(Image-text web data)
┄┄┄┄┄┄
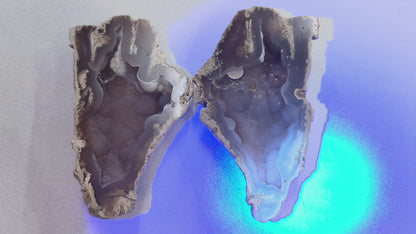 Fluorescent Coral Fossil FL, USA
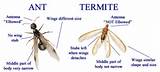 Pictures of Termite Identification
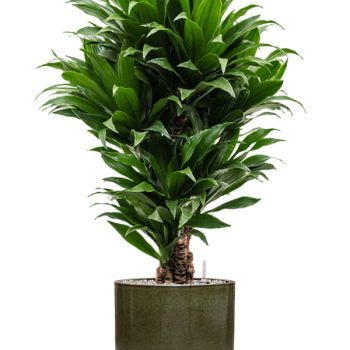 Dracaena fragrans 'Compacta' în ghiveci cilindric Dracaena fragrans 'Compacta' în ghiveci cilindric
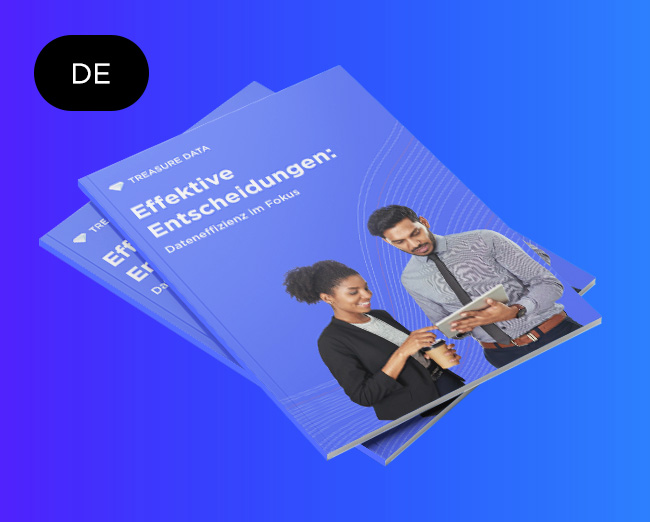 Effektive Entscheidungen: Dateneffizienz im Fokus Englische Ausgabe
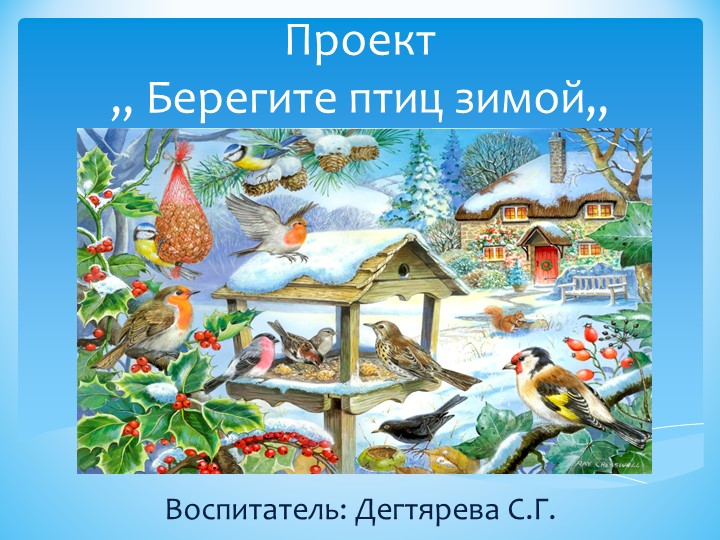 Презентация Проект ,, Берегите птиц зимой,,  - Скачать презентации бесплатно | Читать или скачать учебники для школы онлайн бесплатно ☑ Школьные учебники school-textbook.com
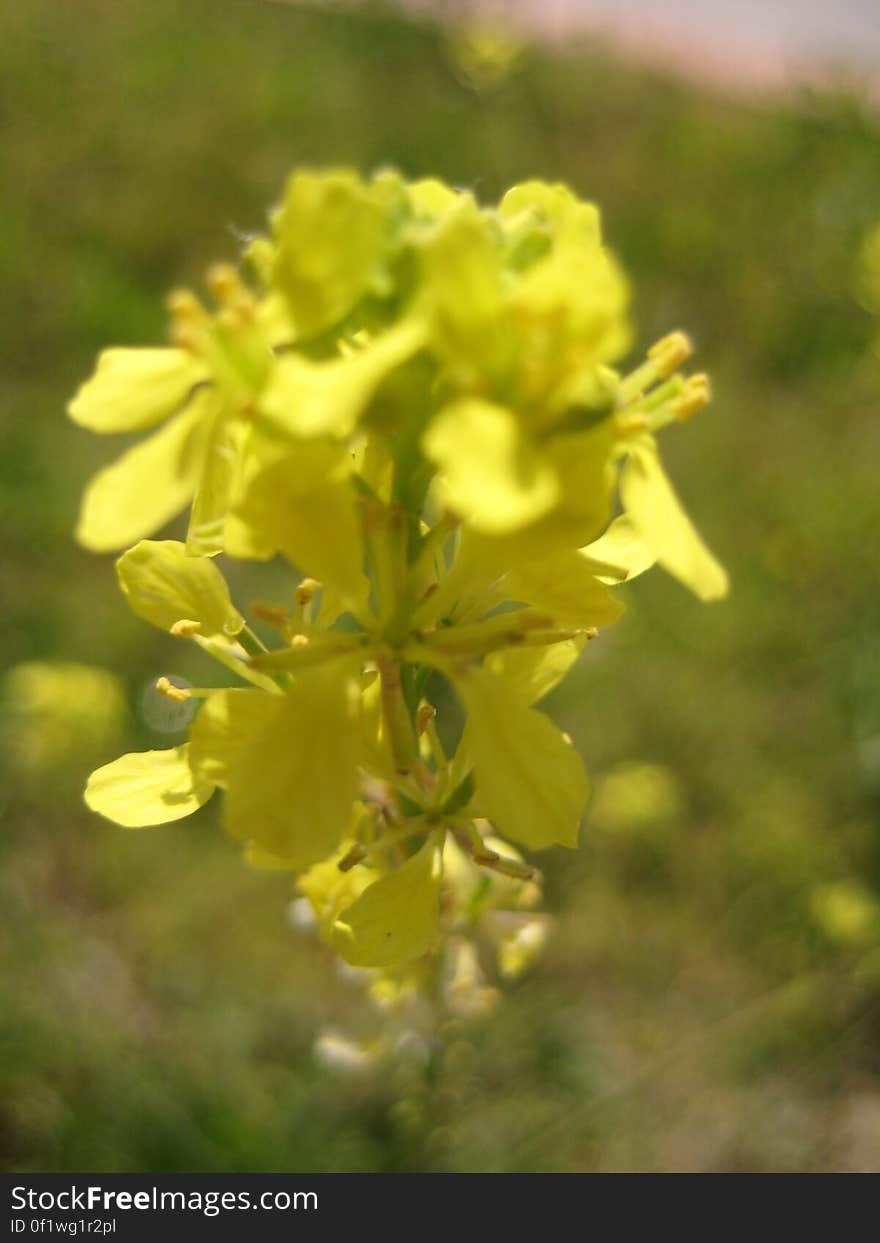 Flowers and Plants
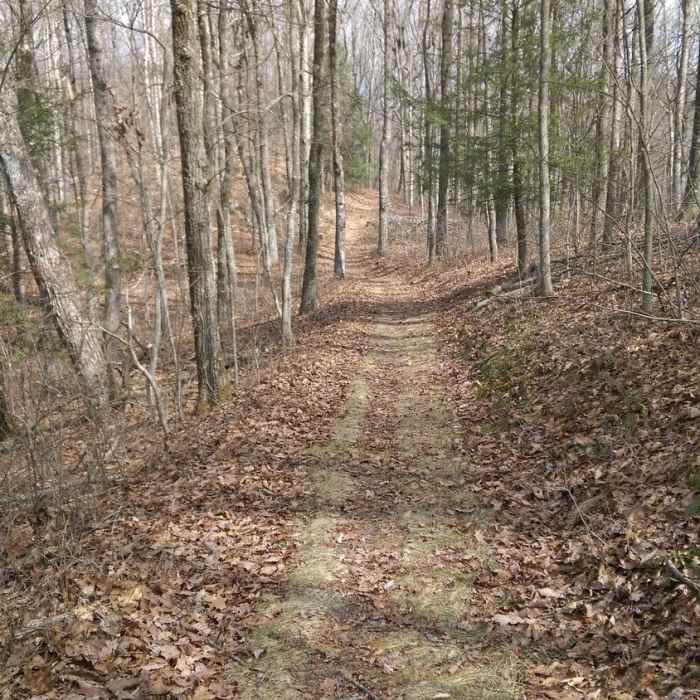The crackle of leaves underfoot makes for a wonderful winter day on the Ridge Trail. Near Pinnacle Overlook Out-and-Back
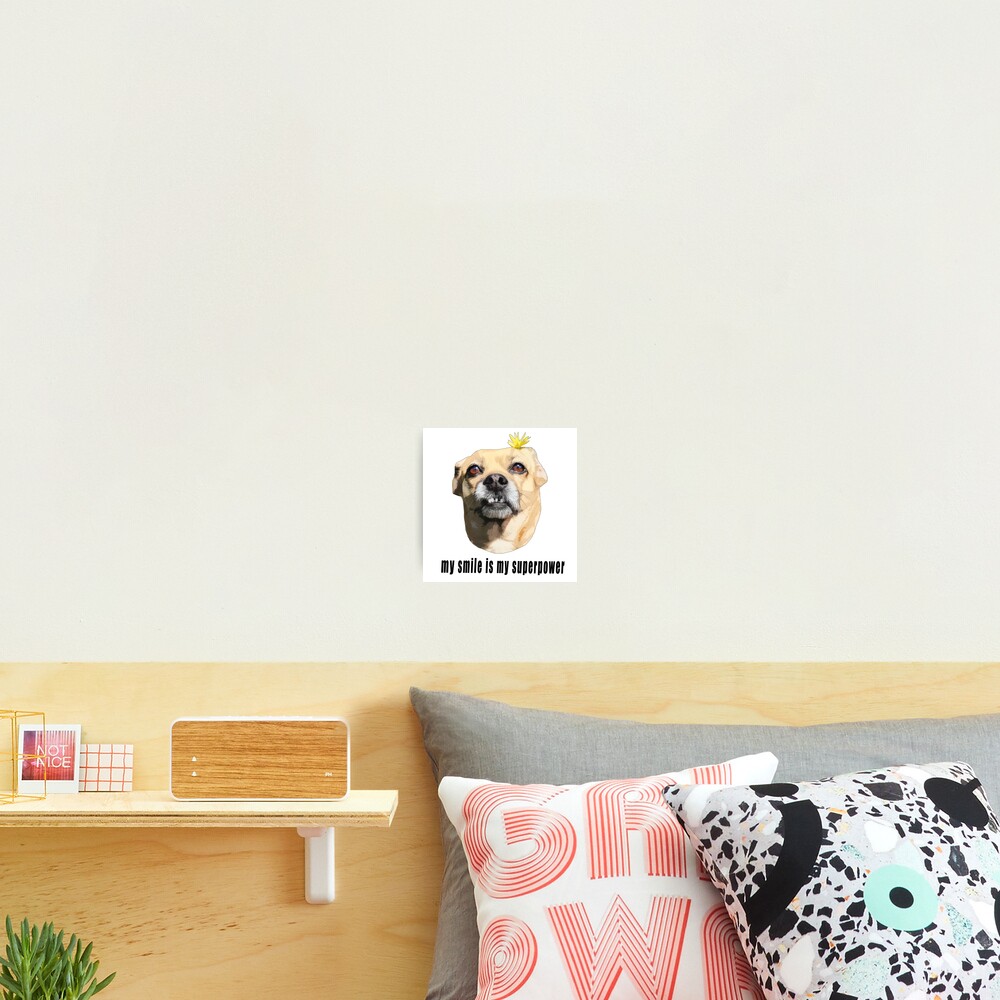 My Smile is My Superpower - Chihuahua Dog with Flower Photographic Print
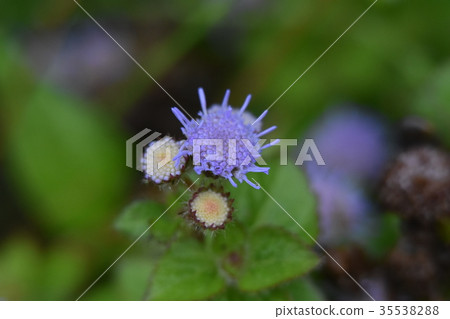 Ageratam在秋雨中變濕 35538288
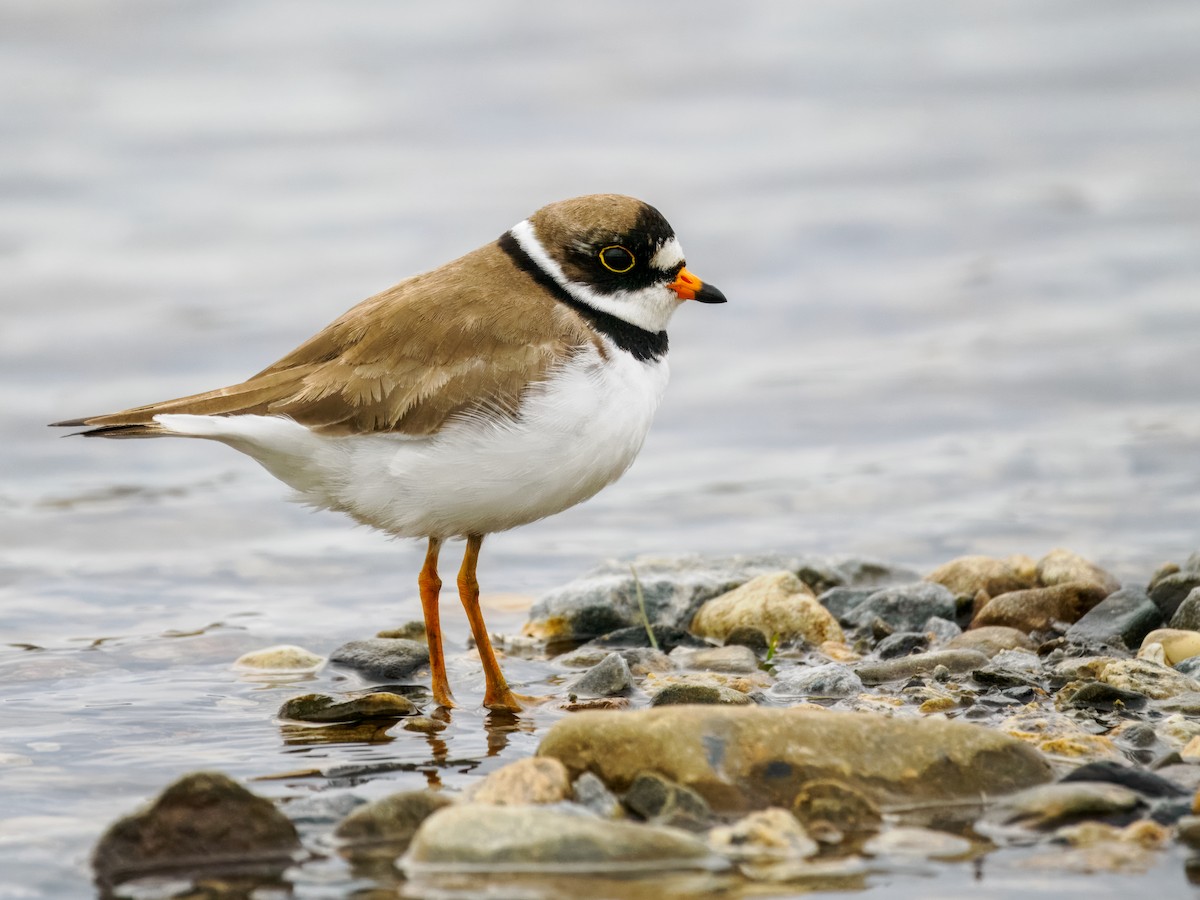 Semipalmated Plover - ML620330830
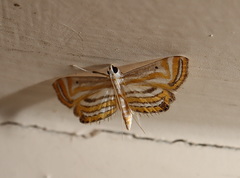Parapoynx villidalis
┄┄┄┄┄┄
■ **TASK STATEMENT**: Return exactly the lines that appear in the data above between the line containing "Pictures of Termite Identification" and the line containing "Flowers and Plants", both of which are included, and leave the pictures out.

■ **TASK RESULT**:
 Pictures of Termite Identification
 Dracaena fragrans 'Compacta' în ghiveci cilindric Dracaena fragrans 'Compacta' în ghiveci cilindric
 Effektive Entscheidungen: Dateneffizienz im Fokus Englische Ausgabe
 Презентация Проект ,, Берегите птиц зимой,,  - Скачать презентации бесплатно | Читать или скачать учебники для школы онлайн бесплатно ☑ Школьные учебники school-textbook.com
 Flowers and Plants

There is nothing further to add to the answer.